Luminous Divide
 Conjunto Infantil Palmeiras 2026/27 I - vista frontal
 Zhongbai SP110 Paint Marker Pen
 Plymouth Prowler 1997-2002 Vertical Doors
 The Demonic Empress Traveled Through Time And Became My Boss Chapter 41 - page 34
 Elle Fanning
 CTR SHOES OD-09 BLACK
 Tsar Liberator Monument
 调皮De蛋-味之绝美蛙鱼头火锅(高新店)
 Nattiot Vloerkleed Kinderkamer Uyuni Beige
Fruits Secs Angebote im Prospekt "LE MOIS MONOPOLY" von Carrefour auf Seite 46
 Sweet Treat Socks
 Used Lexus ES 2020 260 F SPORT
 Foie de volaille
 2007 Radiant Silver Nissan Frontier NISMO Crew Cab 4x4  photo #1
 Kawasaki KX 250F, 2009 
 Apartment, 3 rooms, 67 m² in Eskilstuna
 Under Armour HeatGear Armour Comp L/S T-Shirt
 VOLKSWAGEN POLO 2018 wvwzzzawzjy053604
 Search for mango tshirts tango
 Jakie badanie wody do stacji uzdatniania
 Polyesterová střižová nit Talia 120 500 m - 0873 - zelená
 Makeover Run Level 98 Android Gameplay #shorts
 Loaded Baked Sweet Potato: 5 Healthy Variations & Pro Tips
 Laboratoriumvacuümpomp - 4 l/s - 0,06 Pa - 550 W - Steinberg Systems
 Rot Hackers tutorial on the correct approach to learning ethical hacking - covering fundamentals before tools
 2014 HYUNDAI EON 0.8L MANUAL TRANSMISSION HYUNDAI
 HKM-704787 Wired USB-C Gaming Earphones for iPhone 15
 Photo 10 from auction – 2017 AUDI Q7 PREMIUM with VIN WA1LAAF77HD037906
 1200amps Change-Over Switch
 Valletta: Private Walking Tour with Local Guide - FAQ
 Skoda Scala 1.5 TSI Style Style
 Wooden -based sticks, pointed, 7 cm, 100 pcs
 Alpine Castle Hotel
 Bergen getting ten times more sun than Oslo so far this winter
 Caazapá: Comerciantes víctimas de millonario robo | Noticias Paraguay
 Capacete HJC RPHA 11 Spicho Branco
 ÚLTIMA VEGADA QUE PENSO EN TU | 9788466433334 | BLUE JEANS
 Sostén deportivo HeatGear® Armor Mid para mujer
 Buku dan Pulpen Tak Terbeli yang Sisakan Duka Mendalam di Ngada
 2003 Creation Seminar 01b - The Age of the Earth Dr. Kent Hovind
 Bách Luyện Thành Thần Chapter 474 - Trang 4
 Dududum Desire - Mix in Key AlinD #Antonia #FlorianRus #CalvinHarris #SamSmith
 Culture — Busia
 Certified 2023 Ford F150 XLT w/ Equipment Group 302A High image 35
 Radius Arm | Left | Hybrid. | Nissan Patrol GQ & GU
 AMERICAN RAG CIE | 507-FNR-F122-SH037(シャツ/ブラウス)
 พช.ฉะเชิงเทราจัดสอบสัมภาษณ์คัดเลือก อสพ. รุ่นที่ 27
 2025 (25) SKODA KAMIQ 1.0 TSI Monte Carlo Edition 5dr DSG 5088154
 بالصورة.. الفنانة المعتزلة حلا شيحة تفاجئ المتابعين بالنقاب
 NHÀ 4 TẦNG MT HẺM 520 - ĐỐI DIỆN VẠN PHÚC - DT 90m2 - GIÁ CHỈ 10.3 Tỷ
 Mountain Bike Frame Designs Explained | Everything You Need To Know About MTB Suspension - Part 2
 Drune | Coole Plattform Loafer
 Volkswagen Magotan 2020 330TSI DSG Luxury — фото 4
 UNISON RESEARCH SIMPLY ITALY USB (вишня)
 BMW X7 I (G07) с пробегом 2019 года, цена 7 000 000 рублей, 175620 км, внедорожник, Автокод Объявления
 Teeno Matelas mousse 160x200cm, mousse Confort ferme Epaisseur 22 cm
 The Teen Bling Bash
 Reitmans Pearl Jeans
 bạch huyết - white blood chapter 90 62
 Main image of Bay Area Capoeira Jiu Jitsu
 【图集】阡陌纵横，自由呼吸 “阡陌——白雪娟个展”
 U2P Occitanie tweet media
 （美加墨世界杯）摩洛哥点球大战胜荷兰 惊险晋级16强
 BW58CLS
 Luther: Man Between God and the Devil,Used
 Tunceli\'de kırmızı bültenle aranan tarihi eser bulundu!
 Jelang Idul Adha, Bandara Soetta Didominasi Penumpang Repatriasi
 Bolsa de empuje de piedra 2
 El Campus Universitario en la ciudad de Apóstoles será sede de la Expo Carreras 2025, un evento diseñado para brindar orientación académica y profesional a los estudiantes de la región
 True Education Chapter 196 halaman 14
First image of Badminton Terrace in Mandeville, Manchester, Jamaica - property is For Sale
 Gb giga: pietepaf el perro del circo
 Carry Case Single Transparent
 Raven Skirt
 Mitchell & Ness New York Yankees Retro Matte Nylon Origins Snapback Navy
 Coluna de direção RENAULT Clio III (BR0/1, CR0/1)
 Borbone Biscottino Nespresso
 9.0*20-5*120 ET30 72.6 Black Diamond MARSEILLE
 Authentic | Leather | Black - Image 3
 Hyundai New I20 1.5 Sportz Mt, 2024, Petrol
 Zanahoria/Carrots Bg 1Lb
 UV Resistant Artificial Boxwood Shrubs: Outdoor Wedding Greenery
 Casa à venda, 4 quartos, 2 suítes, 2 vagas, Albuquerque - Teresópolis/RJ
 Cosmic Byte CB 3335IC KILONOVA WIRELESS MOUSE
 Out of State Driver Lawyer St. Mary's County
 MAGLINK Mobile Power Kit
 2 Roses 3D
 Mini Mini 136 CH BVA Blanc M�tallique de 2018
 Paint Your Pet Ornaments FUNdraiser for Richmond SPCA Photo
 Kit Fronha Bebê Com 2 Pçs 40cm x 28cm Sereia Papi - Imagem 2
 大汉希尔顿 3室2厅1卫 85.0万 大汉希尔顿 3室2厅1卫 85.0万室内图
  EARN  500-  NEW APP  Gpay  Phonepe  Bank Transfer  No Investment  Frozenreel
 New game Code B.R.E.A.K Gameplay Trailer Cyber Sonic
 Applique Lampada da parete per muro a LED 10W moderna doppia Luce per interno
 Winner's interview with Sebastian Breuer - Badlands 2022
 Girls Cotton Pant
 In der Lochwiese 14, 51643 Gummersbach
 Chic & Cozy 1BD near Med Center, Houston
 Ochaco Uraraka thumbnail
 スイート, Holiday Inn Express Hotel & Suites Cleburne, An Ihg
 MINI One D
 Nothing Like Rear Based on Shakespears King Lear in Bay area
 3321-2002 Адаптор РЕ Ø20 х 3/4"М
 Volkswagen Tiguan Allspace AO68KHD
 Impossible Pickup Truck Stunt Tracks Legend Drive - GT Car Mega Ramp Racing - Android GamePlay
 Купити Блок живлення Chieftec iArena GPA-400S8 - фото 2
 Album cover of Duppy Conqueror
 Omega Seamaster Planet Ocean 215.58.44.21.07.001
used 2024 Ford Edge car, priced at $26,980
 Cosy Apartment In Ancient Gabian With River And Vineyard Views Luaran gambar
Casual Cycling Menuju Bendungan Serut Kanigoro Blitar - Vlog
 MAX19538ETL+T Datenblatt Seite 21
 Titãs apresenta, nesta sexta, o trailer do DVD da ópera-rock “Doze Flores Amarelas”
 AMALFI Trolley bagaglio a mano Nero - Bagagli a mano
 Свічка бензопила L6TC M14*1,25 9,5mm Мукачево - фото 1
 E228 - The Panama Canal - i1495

DIRECTIONS:
Beginning with the first line, transcribe the complete listing exactly.

FINAL ANSWER:
Luminous Divide
 Conjunto Infantil Palmeiras 2026/27 I - vista frontal
 Zhongbai SP110 Paint Marker Pen
 Plymouth Prowler 1997-2002 Vertical Doors
 The Demonic Empress Traveled Through Time And Became My Boss Chapter 41 - page 34
 Elle Fanning
 CTR SHOES OD-09 BLACK
 Tsar Liberator Monument
 调皮De蛋-味之绝美蛙鱼头火锅(高新店)
 Nattiot Vloerkleed Kinderkamer Uyuni Beige
Fruits Secs Angebote im Prospekt "LE MOIS MONOPOLY" von Carrefour auf Seite 46
 Sweet Treat Socks
 Used Lexus ES 2020 260 F SPORT
 Foie de volaille
 2007 Radiant Silver Nissan Frontier NISMO Crew Cab 4x4  photo #1
 Kawasaki KX 250F, 2009 
 Apartment, 3 rooms, 67 m² in Eskilstuna
 Under Armour HeatGear Armour Comp L/S T-Shirt
 VOLKSWAGEN POLO 2018 wvwzzzawzjy053604
 Search for mango tshirts tango
 Jakie badanie wody do stacji uzdatniania
 Polyesterová střižová nit Talia 120 500 m - 0873 - zelená
 Makeover Run Level 98 Android Gameplay #shorts
 Loaded Baked Sweet Potato: 5 Healthy Variations & Pro Tips
 Laboratoriumvacuümpomp - 4 l/s - 0,06 Pa - 550 W - Steinberg Systems
 Rot Hackers tutorial on the correct approach to learning ethical hacking - covering fundamentals before tools
 2014 HYUNDAI EON 0.8L MANUAL TRANSMISSION HYUNDAI
 HKM-704787 Wired USB-C Gaming Earphones for iPhone 15
 Photo 10 from auction – 2017 AUDI Q7 PREMIUM with VIN WA1LAAF77HD037906
 1200amps Change-Over Switch
 Valletta: Private Walking Tour with Local Guide - FAQ
 Skoda Scala 1.5 TSI Style Style
 Wooden -based sticks, pointed, 7 cm, 100 pcs
 Alpine Castle Hotel
 Bergen getting ten times more sun than Oslo so far this winter
 Caazapá: Comerciantes víctimas de millonario robo | Noticias Paraguay
 Capacete HJC RPHA 11 Spicho Branco
 ÚLTIMA VEGADA QUE PENSO EN TU | 9788466433334 | BLUE JEANS
 Sostén deportivo HeatGear® Armor Mid para mujer
 Buku dan Pulpen Tak Terbeli yang Sisakan Duka Mendalam di Ngada
 2003 Creation Seminar 01b - The Age of the Earth Dr. Kent Hovind
 Bách Luyện Thành Thần Chapter 474 - Trang 4
 Dududum Desire - Mix in Key AlinD #Antonia #FlorianRus #CalvinHarris #SamSmith
 Culture — Busia
 Certified 2023 Ford F150 XLT w/ Equipment Group 302A High image 35
 Radius Arm | Left | Hybrid. | Nissan Patrol GQ & GU
 AMERICAN RAG CIE | 507-FNR-F122-SH037(シャツ/ブラウス)
 พช.ฉะเชิงเทราจัดสอบสัมภาษณ์คัดเลือก อสพ. รุ่นที่ 27
 2025 (25) SKODA KAMIQ 1.0 TSI Monte Carlo Edition 5dr DSG 5088154
 بالصورة.. الفنانة المعتزلة حلا شيحة تفاجئ المتابعين بالنقاب
 NHÀ 4 TẦNG MT HẺM 520 - ĐỐI DIỆN VẠN PHÚC - DT 90m2 - GIÁ CHỈ 10.3 Tỷ
 Mountain Bike Frame Designs Explained | Everything You Need To Know About MTB Suspension - Part 2
 Drune | Coole Plattform Loafer
 Volkswagen Magotan 2020 330TSI DSG Luxury — фото 4
 UNISON RESEARCH SIMPLY ITALY USB (вишня)
 BMW X7 I (G07) с пробегом 2019 года, цена 7 000 000 рублей, 175620 км, внедорожник, Автокод Объявления
 Teeno Matelas mousse 160x200cm, mousse Confort ferme Epaisseur 22 cm
 The Teen Bling Bash
 Reitmans Pearl Jeans
 bạch huyết - white blood chapter 90 62
 Main image of Bay Area Capoeira Jiu Jitsu
 【图集】阡陌纵横，自由呼吸 “阡陌——白雪娟个展”
 U2P Occitanie tweet media
 （美加墨世界杯）摩洛哥点球大战胜荷兰 惊险晋级16强
 BW58CLS
 Luther: Man Between God and the Devil,Used
 Tunceli\'de kırmızı bültenle aranan tarihi eser bulundu!
 Jelang Idul Adha, Bandara Soetta Didominasi Penumpang Repatriasi
 Bolsa de empuje de piedra 2
 El Campus Universitario en la ciudad de Apóstoles será sede de la Expo Carreras 2025, un evento diseñado para brindar orientación académica y profesional a los estudiantes de la región
 True Education Chapter 196 halaman 14
First image of Badminton Terrace in Mandeville, Manchester, Jamaica - property is For Sale
 Gb giga: pietepaf el perro del circo
 Carry Case Single Transparent
 Raven Skirt
 Mitchell & Ness New York Yankees Retro Matte Nylon Origins Snapback Navy
 Coluna de direção RENAULT Clio III (BR0/1, CR0/1)
 Borbone Biscottino Nespresso
 9.0*20-5*120 ET30 72.6 Black Diamond MARSEILLE
 Authentic | Leather | Black - Image 3
 Hyundai New I20 1.5 Sportz Mt, 2024, Petrol
 Zanahoria/Carrots Bg 1Lb
 UV Resistant Artificial Boxwood Shrubs: Outdoor Wedding Greenery
 Casa à venda, 4 quartos, 2 suítes, 2 vagas, Albuquerque - Teresópolis/RJ
 Cosmic Byte CB 3335IC KILONOVA WIRELESS MOUSE
 Out of State Driver Lawyer St. Mary's County
 MAGLINK Mobile Power Kit
 2 Roses 3D
 Mini Mini 136 CH BVA Blanc M�tallique de 2018
 Paint Your Pet Ornaments FUNdraiser for Richmond SPCA Photo
 Kit Fronha Bebê Com 2 Pçs 40cm x 28cm Sereia Papi - Imagem 2
 大汉希尔顿 3室2厅1卫 85.0万 大汉希尔顿 3室2厅1卫 85.0万室内图
  EARN  500-  NEW APP  Gpay  Phonepe  Bank Transfer  No Investment  Frozenreel
 New game Code B.R.E.A.K Gameplay Trailer Cyber Sonic
 Applique Lampada da parete per muro a LED 10W moderna doppia Luce per interno
 Winner's interview with Sebastian Breuer - Badlands 2022
 Girls Cotton Pant
 In der Lochwiese 14, 51643 Gummersbach
 Chic & Cozy 1BD near Med Center, Houston
 Ochaco Uraraka thumbnail
 スイート, Holiday Inn Express Hotel & Suites Cleburne, An Ihg
 MINI One D
 Nothing Like Rear Based on Shakespears King Lear in Bay area
 3321-2002 Адаптор РЕ Ø20 х 3/4"М
 Volkswagen Tiguan Allspace AO68KHD
 Impossible Pickup Truck Stunt Tracks Legend Drive - GT Car Mega Ramp Racing - Android GamePlay
 Купити Блок живлення Chieftec iArena GPA-400S8 - фото 2
 Album cover of Duppy Conqueror
 Omega Seamaster Planet Ocean 215.58.44.21.07.001
used 2024 Ford Edge car, priced at $26,980
 Cosy Apartment In Ancient Gabian With River And Vineyard Views Luaran gambar
Casual Cycling Menuju Bendungan Serut Kanigoro Blitar - Vlog
 MAX19538ETL+T Datenblatt Seite 21
 Titãs apresenta, nesta sexta, o trailer do DVD da ópera-rock “Doze Flores Amarelas”
 AMALFI Trolley bagaglio a mano Nero - Bagagli a mano
 Свічка бензопила L6TC M14*1,25 9,5mm Мукачево - фото 1
 E228 - The Panama Canal - i1495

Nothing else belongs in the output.